▸ Provided records
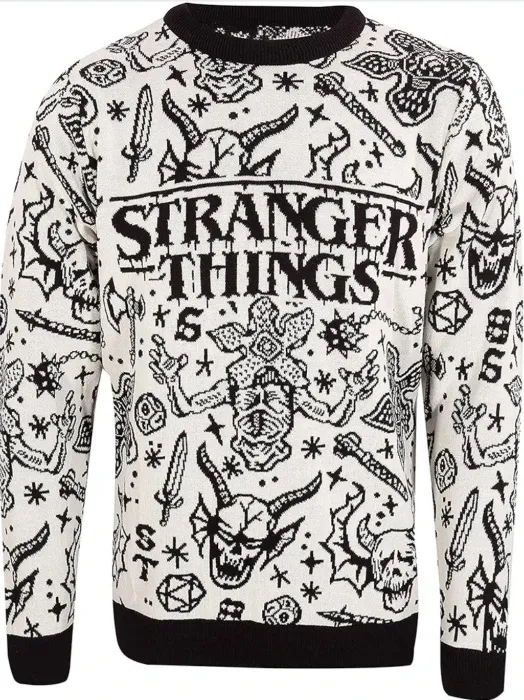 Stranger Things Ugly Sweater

--

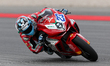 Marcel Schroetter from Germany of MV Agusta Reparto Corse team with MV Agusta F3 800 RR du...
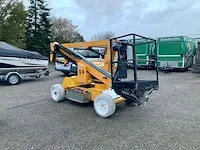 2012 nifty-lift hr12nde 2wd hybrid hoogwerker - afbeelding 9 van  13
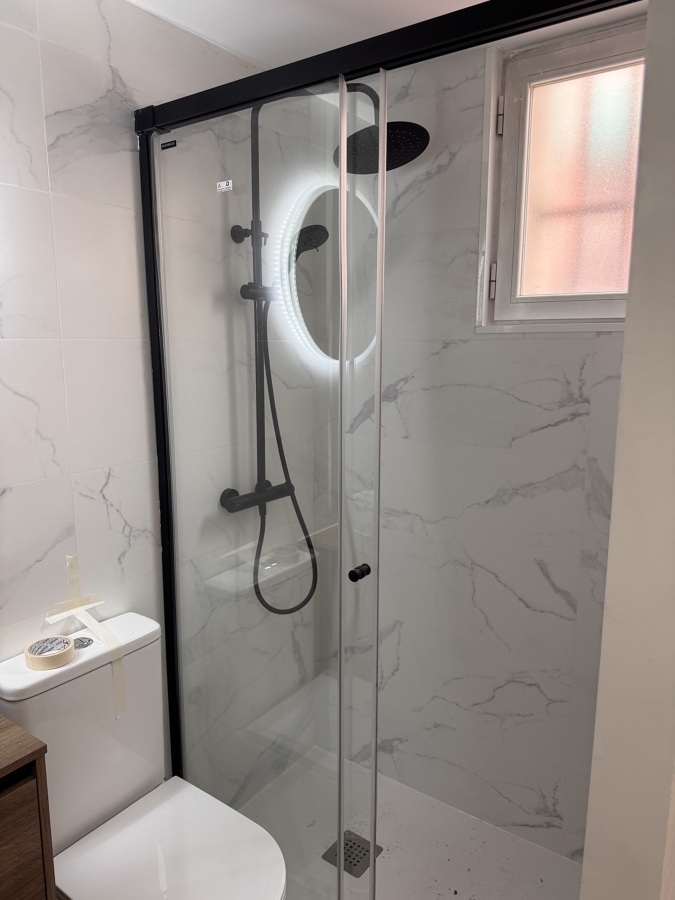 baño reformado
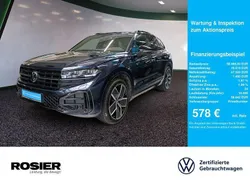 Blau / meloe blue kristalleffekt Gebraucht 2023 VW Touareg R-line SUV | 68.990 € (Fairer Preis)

==

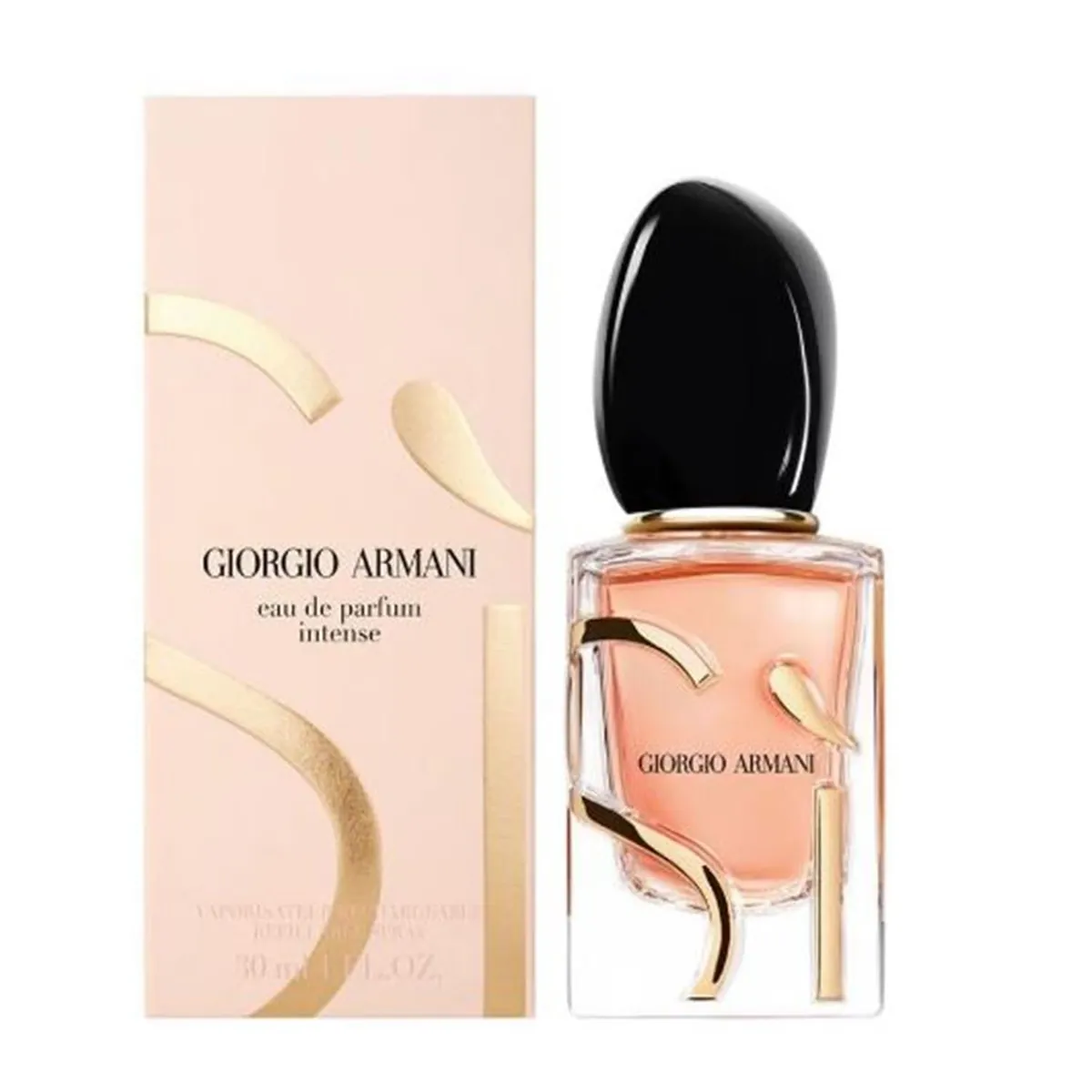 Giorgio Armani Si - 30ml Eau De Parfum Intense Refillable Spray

▸ Your task
A verbatim reproduction is expected: starting at the line above that has "baño reformado", ending at the line that has "Blau / meloe", both included, and with no pictures and no other lines.

▸ Solution
 baño reformado
 Blau / meloe blue kristalleffekt Gebraucht 2023 VW Touareg R-line SUV | 68.990 € (Fairer Preis)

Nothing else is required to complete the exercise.